*ABOUT THIS EXERCISE*:
Skip the pictures. Transcribe exactly the lines from the line containing "Covercity - Dvd" to the end of the listing.

*STORED DATA*:

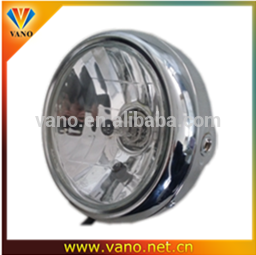 High quality GN125 headlamp round head lamp for motorcycle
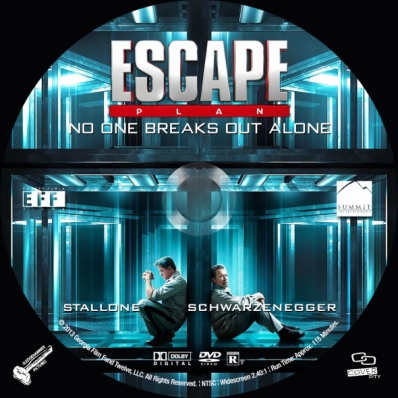 Covercity - Dvd Covers & Labels - Escape Plan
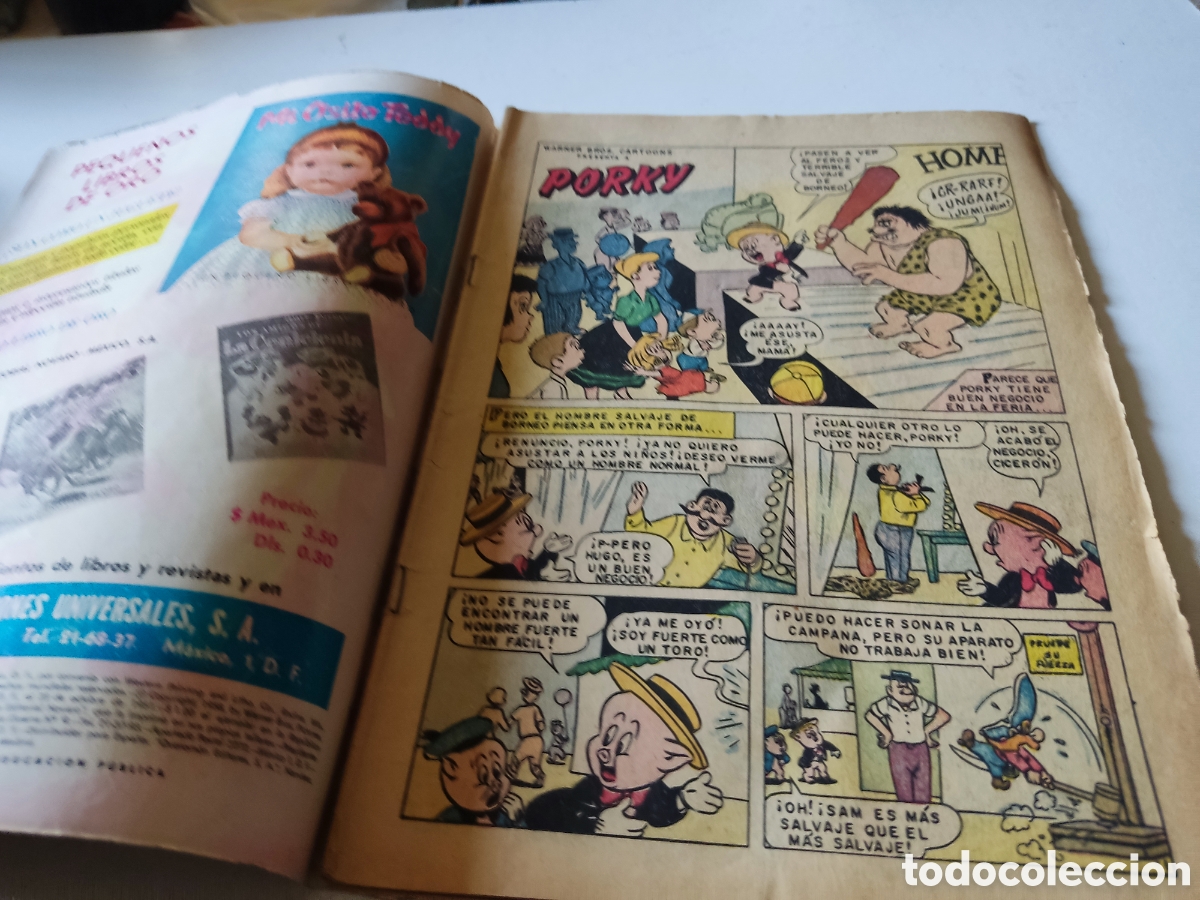C&oacute;mics: Tebeo c&oacute;mic Porky y sus amigos - Foto 2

*OUTPUT OF THE EXERCISE*:
 Covercity - Dvd Covers & Labels - Escape Plan
C&oacute;mics: Tebeo c&oacute;mic Porky y sus amigos - Foto 2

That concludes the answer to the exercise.